The Facts
OpenAI announced some notable updates to their completion APIs yesterday:
Added function calling capability to the Chat API
New versions of
gpt-4
andgpt-3.5-turbo
Added a 16k context-length version of
gpt-3.5-turbo
75% cost reduction for their embedding model
25% cost reduction for
gpt-3.5-turbo
announced the future deprecation of the previous versions of
gpt-4
andgpt-3.5-turbo
The most novel change was the first — they added an ability for gpt-4
and gpt-3.5-turbo
to choose “functions” to call. In practice, this allows a user to describe a function (with natural language) and have a language model output a valid function call:
curl https://api.openai.com/v1/chat/completions -u :$OPENAI_API_KEY -H 'Content-Type: application/json' -d '{
"model": "gpt-3.5-turbo-0613",
"messages": [
{"role": "user", "content": "What is the weather like in Boston?"}
],
"functions": [
{
"name": "get_current_weather",
"description": "Get the current weather in a given location",
"parameters": {
"type": "object",
"properties": {
"location": {
"type": "string",
"description": "The city and state, e.g. San Francisco, CA"
},
"unit": {
"type": "string",
"enum": ["celsius", "fahrenheit"]
}
},
"required": ["location"]
}
}
]
}'
Why it matters
Let’s lump the changes and break them down:
Function Calls
Related to the plugin ecosystem, OpenAI is releasing a version of their model that is tuned to be able to generate calls to external tools. To date, developers have typically had to rely on prompt engineering to coax a model to output a known syntax to invoke an external API.

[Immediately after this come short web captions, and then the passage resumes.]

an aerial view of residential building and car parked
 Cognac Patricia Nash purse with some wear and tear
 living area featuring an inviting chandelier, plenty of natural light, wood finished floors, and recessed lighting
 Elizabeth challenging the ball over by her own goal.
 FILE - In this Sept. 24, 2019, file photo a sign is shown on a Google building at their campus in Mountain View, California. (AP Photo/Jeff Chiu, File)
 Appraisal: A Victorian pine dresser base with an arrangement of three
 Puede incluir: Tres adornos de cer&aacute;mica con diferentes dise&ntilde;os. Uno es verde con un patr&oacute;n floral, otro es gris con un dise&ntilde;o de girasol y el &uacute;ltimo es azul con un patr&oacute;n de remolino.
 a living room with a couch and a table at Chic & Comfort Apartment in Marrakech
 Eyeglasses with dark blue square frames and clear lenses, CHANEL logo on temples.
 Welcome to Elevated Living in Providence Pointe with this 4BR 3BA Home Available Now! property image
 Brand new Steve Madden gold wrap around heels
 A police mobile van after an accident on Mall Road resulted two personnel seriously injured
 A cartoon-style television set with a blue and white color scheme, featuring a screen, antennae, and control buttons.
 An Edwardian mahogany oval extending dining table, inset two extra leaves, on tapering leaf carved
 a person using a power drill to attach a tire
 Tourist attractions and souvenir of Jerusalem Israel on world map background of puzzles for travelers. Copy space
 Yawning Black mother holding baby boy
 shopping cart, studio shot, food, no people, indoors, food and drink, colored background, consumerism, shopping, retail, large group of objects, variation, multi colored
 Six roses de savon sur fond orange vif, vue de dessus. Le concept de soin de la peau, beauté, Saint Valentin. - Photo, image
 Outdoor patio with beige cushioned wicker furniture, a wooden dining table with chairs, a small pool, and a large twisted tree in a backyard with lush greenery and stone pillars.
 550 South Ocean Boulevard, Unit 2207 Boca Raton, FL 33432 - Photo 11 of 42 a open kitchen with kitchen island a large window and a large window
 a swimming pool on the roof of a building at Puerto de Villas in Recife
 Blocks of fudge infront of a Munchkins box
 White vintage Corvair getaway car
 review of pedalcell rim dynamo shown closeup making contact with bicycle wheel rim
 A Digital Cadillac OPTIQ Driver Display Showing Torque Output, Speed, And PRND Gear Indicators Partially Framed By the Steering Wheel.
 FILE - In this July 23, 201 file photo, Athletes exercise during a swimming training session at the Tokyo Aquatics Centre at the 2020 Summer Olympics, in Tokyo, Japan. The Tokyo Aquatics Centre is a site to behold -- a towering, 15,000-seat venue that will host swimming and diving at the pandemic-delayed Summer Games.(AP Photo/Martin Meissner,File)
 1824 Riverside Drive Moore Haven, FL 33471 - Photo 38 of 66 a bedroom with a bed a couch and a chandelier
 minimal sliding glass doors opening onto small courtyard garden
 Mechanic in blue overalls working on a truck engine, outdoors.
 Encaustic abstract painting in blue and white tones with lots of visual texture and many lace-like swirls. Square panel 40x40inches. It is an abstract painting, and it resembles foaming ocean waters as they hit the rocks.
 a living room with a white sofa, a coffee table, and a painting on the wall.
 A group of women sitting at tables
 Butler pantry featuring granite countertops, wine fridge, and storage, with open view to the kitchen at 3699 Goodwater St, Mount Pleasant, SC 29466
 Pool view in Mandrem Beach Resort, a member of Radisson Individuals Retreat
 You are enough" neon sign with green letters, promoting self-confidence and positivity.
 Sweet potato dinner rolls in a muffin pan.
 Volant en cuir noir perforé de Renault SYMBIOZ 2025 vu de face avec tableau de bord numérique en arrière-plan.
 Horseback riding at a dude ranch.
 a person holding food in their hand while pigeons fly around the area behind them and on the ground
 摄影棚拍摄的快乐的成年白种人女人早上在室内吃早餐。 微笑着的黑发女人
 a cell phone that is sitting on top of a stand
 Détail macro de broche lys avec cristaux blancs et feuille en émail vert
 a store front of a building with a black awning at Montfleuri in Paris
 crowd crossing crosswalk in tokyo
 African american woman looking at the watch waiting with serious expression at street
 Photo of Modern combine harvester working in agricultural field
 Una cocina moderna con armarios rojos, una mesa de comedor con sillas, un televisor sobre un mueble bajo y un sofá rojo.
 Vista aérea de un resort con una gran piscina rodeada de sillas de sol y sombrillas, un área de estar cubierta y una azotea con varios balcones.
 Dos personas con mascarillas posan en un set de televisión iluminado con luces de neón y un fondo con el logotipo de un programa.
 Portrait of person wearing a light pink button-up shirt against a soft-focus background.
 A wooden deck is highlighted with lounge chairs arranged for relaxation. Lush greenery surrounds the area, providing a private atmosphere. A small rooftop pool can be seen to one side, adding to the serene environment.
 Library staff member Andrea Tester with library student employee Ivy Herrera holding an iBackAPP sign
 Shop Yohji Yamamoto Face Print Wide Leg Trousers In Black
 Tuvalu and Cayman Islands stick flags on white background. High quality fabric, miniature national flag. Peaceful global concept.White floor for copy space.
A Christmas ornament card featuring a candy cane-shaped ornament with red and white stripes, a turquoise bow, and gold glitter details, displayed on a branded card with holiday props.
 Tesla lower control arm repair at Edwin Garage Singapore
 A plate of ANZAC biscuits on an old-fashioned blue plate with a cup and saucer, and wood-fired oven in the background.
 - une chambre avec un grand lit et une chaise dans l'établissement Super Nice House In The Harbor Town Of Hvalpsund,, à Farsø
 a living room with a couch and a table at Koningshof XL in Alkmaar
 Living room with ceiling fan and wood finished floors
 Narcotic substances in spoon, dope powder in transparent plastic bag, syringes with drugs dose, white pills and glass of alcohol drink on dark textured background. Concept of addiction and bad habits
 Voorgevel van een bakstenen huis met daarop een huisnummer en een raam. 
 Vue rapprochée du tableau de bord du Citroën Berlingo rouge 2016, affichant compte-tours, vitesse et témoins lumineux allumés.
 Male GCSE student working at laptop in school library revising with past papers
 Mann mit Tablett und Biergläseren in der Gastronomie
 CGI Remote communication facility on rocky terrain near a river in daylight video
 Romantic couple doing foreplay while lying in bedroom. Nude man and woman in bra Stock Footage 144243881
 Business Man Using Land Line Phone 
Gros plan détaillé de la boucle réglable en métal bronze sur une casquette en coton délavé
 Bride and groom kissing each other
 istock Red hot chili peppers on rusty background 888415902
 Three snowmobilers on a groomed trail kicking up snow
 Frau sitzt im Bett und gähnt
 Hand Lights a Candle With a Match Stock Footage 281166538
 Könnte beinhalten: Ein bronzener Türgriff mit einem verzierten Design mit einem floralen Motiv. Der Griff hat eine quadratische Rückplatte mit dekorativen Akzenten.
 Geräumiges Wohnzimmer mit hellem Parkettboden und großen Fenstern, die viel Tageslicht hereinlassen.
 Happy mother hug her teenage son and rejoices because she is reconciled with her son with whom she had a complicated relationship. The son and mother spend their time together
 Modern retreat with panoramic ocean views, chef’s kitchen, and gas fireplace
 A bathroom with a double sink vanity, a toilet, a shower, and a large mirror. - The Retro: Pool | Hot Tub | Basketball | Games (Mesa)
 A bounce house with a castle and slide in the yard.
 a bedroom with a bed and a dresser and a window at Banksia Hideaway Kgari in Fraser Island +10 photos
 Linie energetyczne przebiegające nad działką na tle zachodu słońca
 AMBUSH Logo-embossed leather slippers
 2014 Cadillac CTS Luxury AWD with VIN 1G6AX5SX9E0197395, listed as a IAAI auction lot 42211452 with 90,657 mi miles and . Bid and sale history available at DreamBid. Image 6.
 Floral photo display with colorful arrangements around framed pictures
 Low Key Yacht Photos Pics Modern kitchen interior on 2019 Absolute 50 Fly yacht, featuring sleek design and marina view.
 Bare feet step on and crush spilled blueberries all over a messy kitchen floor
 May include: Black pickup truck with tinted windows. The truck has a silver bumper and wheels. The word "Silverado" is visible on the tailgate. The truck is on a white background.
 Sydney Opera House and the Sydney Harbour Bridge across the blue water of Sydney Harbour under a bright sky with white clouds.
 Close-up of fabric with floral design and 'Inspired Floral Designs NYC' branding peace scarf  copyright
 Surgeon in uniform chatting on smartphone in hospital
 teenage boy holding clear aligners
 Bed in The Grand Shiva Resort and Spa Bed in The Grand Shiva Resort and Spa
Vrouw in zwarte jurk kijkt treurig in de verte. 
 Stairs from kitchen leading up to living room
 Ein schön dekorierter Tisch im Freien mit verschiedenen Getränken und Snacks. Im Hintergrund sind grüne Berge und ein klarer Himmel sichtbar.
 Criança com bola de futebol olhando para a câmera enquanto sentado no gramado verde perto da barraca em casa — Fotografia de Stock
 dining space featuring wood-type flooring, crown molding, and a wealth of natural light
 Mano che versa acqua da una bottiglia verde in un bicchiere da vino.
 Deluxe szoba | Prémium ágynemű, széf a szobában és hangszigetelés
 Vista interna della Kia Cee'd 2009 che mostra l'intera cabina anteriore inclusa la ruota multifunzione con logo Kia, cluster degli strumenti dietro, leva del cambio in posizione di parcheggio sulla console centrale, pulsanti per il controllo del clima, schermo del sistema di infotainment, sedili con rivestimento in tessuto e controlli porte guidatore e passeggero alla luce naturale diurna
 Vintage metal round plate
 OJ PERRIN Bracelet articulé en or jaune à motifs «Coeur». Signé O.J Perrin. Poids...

Notably, this also mixes in “tool routing,” where LLMs decide which tool to use. According to their statement, they fine-tuned the base models to improve their ability to select tools. This is reminiscent of Gorilla — a very promising approach.
16k Context GPT-3.5
About time. After Claude-100k was released, it seems like longer context windows are becoming table stakes for these APIs.
Model Version Update
Not much intel as to what was included in these model updates — simply that the models are “more steerable”.
These releases highlight a pain point of operating model APIs: each update is, in some sense, an un-documented breaking change. In theory, LLMs are just becoming “smarter” over time. In practice, it’s hard to guarantee the continued performance of existing prompts with new models. Layer in the challenges evaluating these models, and these changes can actually be quite painful. (or quite harmless; it’s hard to know!)
My thoughts
My two key takeaways:
Fine-tuning is key to performance, and most people aren’t doing enough of it. Lots for the rest of the world to learn here.
Always look closely at silent changes in APIs. I’m curious to see if any apps break from the change in a few weeks.